__What you need to do__
Transcribe the data that follows without changing a word, and omit the pictures.

(Given information)

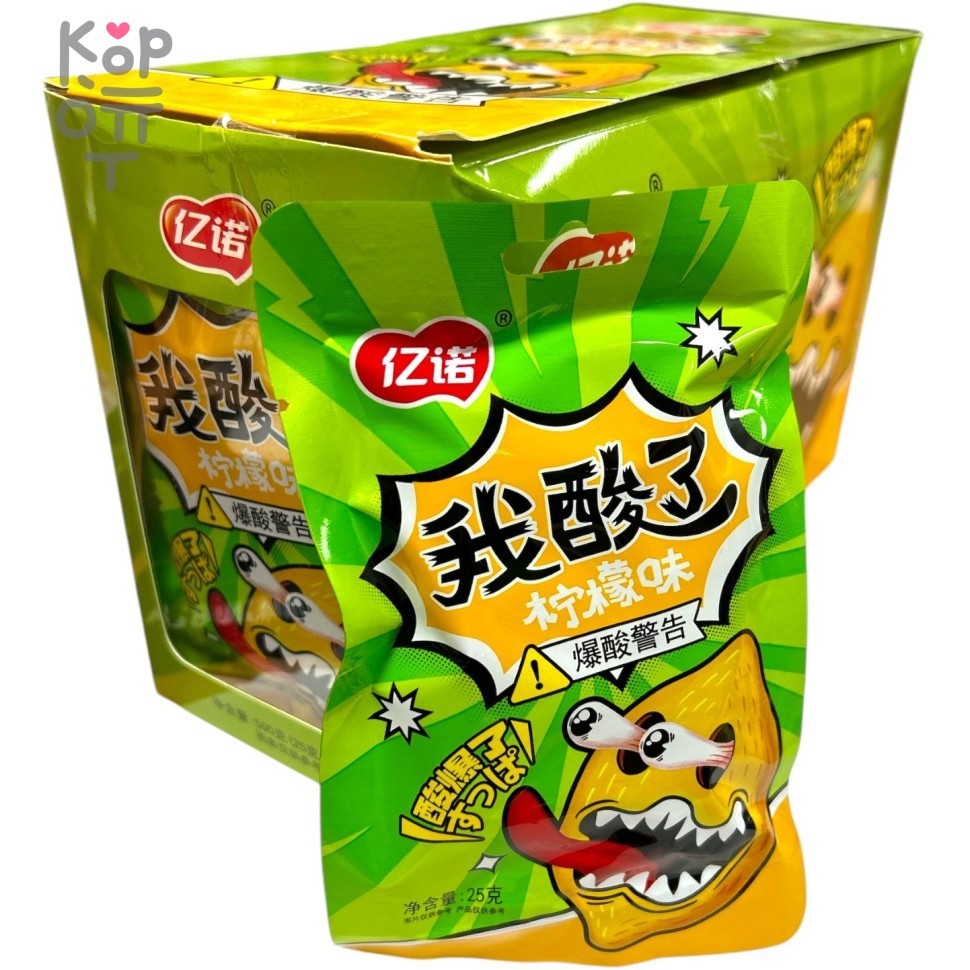 Возмутительно кислые конфеты Yinuo - Ищу неприятности со вкусом Лимона, купить с доставкой на дом фото 1 — Корейские товары для всей семьи(КорОпт)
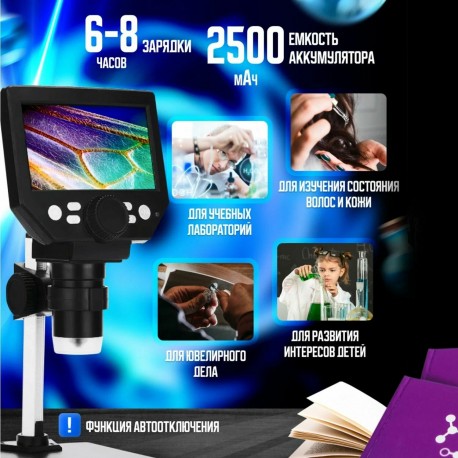 Микроскоп цифровой 1000 x для наблюдений и пайки экран 4,3 дюйма оптом-7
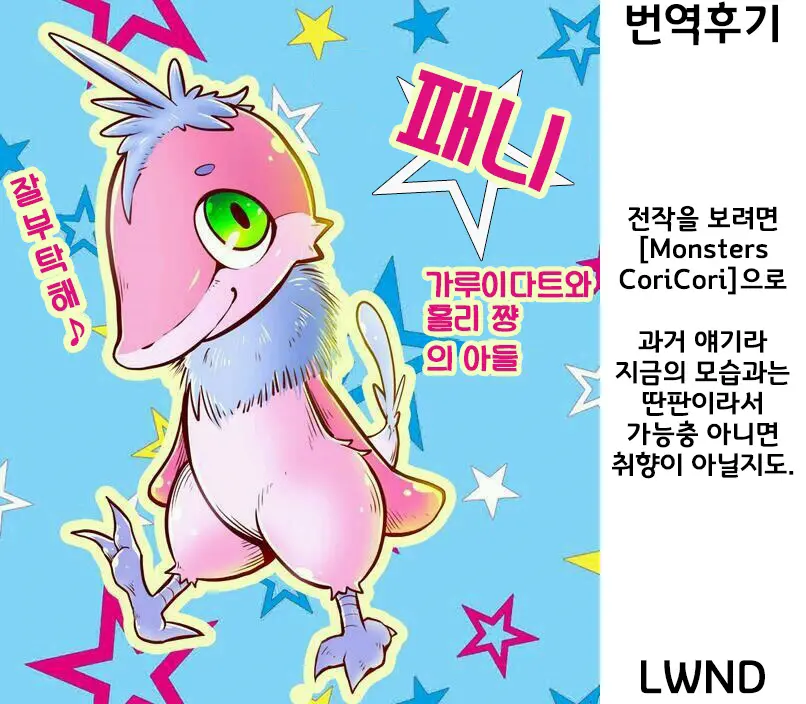 웹툰 이미지 27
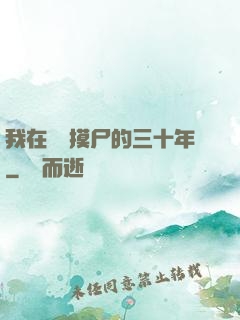 我在義莊摸尸的三十年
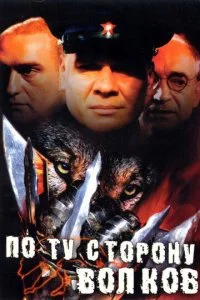  По ту сторону волков 2 сезон 1-12 серия 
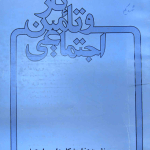 ارشیو نشریه کار و تامین اجتماعی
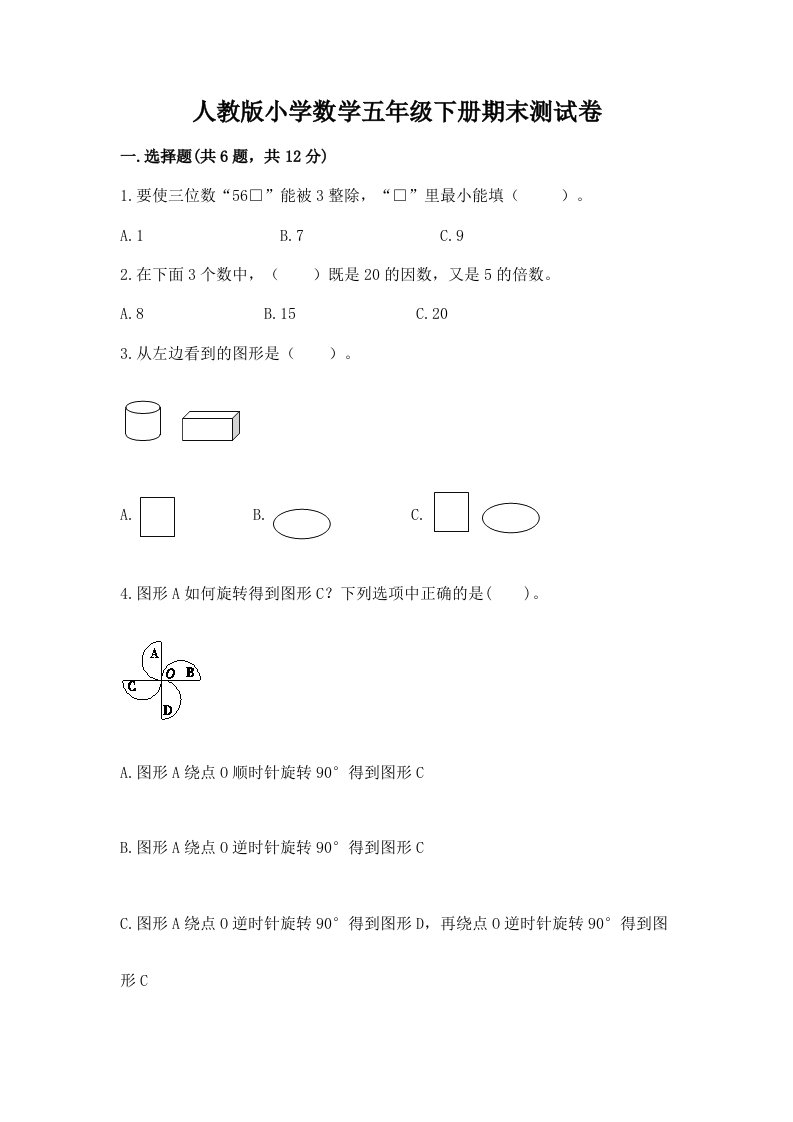 人教版小学数学五年级下册期末测试卷含精品答案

(End Given information)

__Result of this exercise__
 Возмутительно кислые конфеты Yinuo - Ищу неприятности со вкусом Лимона, купить с доставкой на дом фото 1 — Корейские товары для всей семьи(КорОпт)
 Микроскоп цифровой 1000 x для наблюдений и пайки экран 4,3 дюйма оптом-7
 웹툰 이미지 27
 我在義莊摸尸的三十年
  По ту сторону волков 2 сезон 1-12 серия 
 ارشیو نشریه کار و تامین اجتماعی
 人教版小学数学五年级下册期末测试卷含精品答案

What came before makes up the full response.